In executive council meetings and around the water cooler, the hot topic of the day is how to attract and retain a generation more technology savvy, vastly more restless and less programmed for company loyalty than perhaps any generation before.
That's me in the spotlight
I am a product of my generation in many ways.
I had my first computer, an Amiga 500, before I hit puberty. I use my current computer for far more than just work, to the extent that it has become my primary source of entertainment — a one-stop box for social networking, audiovisual stimulation and gaming.

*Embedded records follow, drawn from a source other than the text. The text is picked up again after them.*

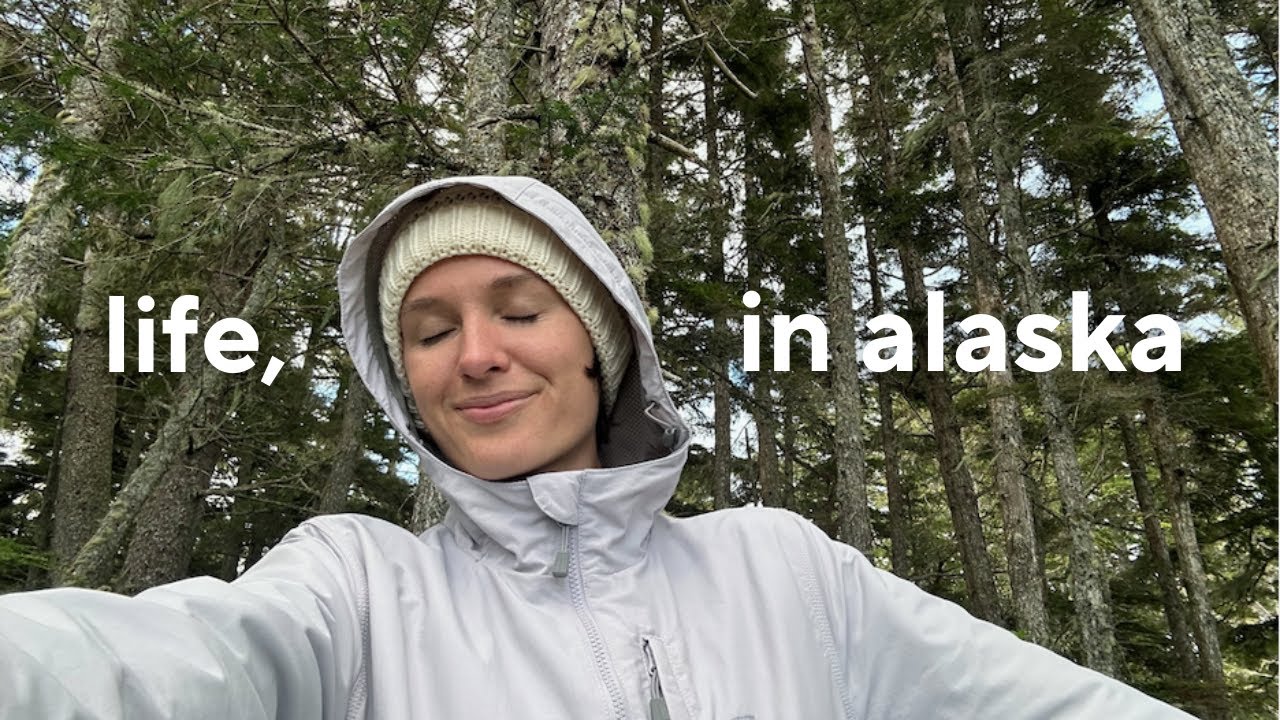 A Day in The Life Living In Alaska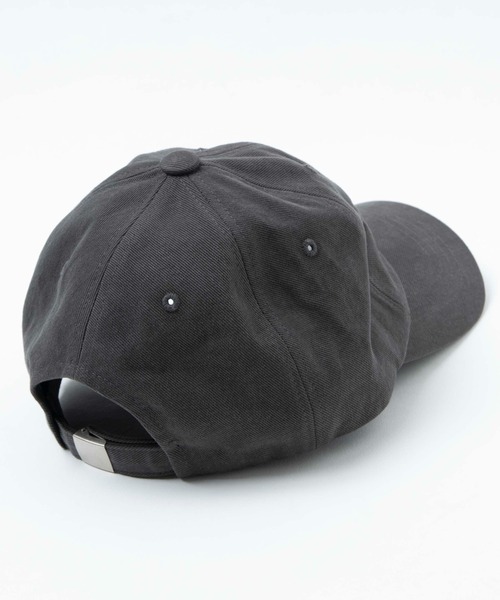 Figments(フィグメンツ)の「GENERATION CAP(キャップ・レディース・グレー/ブラック・FREE)」の5枚目の写真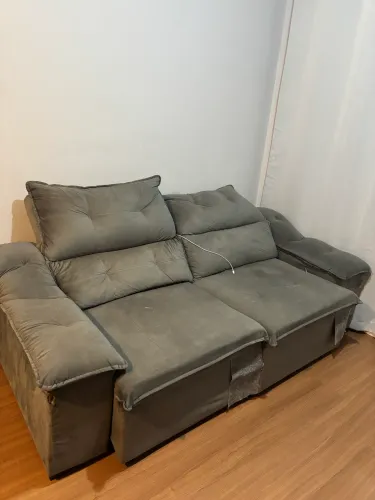 SOFÁ RETRÁTIL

It's important to hold down the same job long enough to actually gain knowledge and experience from it
I chose my career path early in life, instead of just falling into one. I chose journalism because it suited my skills and the idea of becoming a hard-nosed muckraker appealed to me, not because of any financial considerations. Money just isn't our primary motivation. Like most members of Generation Y, I'm at the beginning of my professional career.
I have much in common with my Baby Boomer parents. Most members of Gen Y do. But there are fundamental differences in our motivations and our attitudes towards work that upper managers eager to augment their workforce with Gen Y staff would do well to be aware of.